On 1 March 2012 the European Court of Justice (ECJ) gave judgment on the much-anticipated Football Dataco case stating that football fixture lists are not protected by copyright if the compilation is not the author’s own intellectual creation even if the compilation itself required significant labour and skill. This decision will impact any company that trades in data. Accordingly, if you license a database, you will need to ensure that the data comprised within it is presented in a sufficiently creative manner that enables it to be protected by copyright.
In Football Dataco and others v YAHOO! UK Ltd and others, Football Dataco organised football matches in England and Scotland and produced fixture lists detailing scores, penalties and player substitutions which were available to their online customers via the web. YAHOO! used these fixture lists to compile data for its own databases. YAHOO!’s business was largely, if not solely, reliant upon Football Dataco’s supply of this data.
Football Dataco claimed the use of this data by YAHOO! without a licence breached their rights by infringing copyright under the Copyright Design and Patents Act 1988 (CDPA) and Articles 3 and 7 of Directive 96/9/EC (Database Directive).
- Article 3 affords copyright protection to databases that in some form constitute the author’s own intellectual creation in regards to the selection or arrangement of its contents. For such protection to exist, evidence of labour and/or skill in the creation of the database itself is not sufficient.
- Article 7, known as the sui generis or database right, subsists whether or not the database or its contents are a copyright work but clear evidence of substantial investment in either the obtaining, verification or presentation of the data is required.
The Court of Appeal held the football fixture lists were protected by Article 3 but no right could be established under Article 7. YAHOO! appealed this decision and the Court of Appeal made a preliminary reference to the ECJ to clarify:
- What is meant by “databases which, by reason of the selection or arrangement of their contents, constitute the author’s own intellectual creation”; and
- Whether the Database Directive precludes national rights in the nature of copyright in databases other than those provided for by the Directive
In previous decisions, as seen in Fixtures Marketing Cases (The British Horseracing Board (BHB) and others, Case C-203/02  ECR 1 1-10415) the ECJ has ruled that the Article 7 database right does not attach to fixture lists or race course data. This is because investment in the creation of data has been held not to amount to investment in the “obtaining, verification or presentation of such data” as required by the Database Directive. In other words, the courts are reluctant to afford database right protection to databases which are created by the party seeking to rely on such protection. Consequently, the need to seek to rely on copyright protection is increasingly important to retain value in a database.
Whilst awaiting the formal decision from the ECJ, the Advocate General made some preliminary remarks highlighting a clear distinction between the creation of data and its subsequent arrangement. He stated that a database must be the intellectual creation of the author to be protected by Article 3 of the Directive and that protection may be provided by implementing a creative element when the pre-existing data is assembled into a database.

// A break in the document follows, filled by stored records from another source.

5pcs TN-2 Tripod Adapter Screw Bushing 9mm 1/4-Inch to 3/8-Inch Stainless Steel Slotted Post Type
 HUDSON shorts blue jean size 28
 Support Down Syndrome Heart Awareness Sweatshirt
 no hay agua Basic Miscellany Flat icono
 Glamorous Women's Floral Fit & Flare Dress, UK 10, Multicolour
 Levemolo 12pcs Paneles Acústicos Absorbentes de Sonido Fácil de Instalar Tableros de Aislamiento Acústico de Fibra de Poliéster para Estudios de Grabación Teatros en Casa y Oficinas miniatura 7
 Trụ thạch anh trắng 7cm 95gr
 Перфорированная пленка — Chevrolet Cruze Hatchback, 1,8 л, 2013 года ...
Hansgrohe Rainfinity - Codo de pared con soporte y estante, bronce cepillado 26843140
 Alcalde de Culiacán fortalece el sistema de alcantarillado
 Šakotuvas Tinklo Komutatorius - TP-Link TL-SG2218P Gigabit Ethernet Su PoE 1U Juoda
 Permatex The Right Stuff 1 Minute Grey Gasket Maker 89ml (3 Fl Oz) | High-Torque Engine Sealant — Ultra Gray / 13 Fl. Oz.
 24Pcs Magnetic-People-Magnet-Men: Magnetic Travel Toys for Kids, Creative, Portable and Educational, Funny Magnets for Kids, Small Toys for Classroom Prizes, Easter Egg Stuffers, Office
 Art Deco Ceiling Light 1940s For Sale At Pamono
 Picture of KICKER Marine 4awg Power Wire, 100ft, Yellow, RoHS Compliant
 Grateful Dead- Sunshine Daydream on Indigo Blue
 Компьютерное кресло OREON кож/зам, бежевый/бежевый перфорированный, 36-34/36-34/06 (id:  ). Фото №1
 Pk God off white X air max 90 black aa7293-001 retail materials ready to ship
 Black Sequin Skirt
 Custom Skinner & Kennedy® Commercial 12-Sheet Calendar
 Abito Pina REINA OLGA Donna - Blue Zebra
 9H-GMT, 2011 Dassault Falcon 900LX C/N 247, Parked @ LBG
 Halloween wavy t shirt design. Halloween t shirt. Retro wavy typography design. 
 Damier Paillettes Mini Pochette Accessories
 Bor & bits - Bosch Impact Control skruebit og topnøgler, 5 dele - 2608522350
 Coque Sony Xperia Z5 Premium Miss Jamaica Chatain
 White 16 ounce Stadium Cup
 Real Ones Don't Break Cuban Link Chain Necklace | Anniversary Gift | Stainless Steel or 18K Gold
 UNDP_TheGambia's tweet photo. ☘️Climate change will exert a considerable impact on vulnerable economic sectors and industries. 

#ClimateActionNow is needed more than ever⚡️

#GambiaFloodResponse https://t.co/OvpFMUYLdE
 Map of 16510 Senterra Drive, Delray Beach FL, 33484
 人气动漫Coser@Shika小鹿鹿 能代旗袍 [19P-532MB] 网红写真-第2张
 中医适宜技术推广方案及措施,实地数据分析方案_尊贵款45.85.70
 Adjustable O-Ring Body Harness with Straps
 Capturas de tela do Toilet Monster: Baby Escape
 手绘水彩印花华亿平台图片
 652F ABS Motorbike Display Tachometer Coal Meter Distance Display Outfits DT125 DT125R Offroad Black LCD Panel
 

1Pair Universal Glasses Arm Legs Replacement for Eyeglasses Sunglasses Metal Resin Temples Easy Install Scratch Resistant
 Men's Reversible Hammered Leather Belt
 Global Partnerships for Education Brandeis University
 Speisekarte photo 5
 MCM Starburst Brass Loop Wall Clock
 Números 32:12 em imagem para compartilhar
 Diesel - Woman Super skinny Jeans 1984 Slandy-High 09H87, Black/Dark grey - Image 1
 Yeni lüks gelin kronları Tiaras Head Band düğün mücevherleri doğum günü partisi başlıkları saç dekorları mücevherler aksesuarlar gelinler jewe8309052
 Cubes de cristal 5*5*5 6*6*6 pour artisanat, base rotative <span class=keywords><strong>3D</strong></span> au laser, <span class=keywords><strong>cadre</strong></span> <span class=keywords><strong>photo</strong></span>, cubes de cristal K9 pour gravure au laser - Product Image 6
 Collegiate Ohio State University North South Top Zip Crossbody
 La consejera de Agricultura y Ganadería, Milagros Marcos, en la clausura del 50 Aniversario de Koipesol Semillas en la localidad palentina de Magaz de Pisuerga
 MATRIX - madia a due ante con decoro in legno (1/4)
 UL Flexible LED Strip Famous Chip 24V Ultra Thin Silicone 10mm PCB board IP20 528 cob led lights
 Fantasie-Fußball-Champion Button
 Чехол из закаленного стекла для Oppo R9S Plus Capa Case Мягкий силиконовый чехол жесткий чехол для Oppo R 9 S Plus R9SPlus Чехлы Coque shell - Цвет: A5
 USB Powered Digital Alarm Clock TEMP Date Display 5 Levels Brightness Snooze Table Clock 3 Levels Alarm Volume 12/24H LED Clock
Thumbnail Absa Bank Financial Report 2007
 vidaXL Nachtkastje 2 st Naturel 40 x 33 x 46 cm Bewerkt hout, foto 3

Upon handing down its decision earlier this week, the ECJ have seemingly followed the Advocate General’s opinion. The Database Directive does not extend protection to databases where significant labour and skill are required in the creation if the labour or skill does not express any originality in either its selection or arrangement. Furthermore, it was held that the Database Directive is intended to harmonise European law, so that, following the ECJ ruling, a claim for copyright protection as a literary work under the CDPA was not longer available.
Whilst awaiting the application of this decision by the Court of Appeal, it is clear the economic damage football leagues will face by having to curtail their income from licensing fixture lists but the knock on effect to other databases has yet to be seen.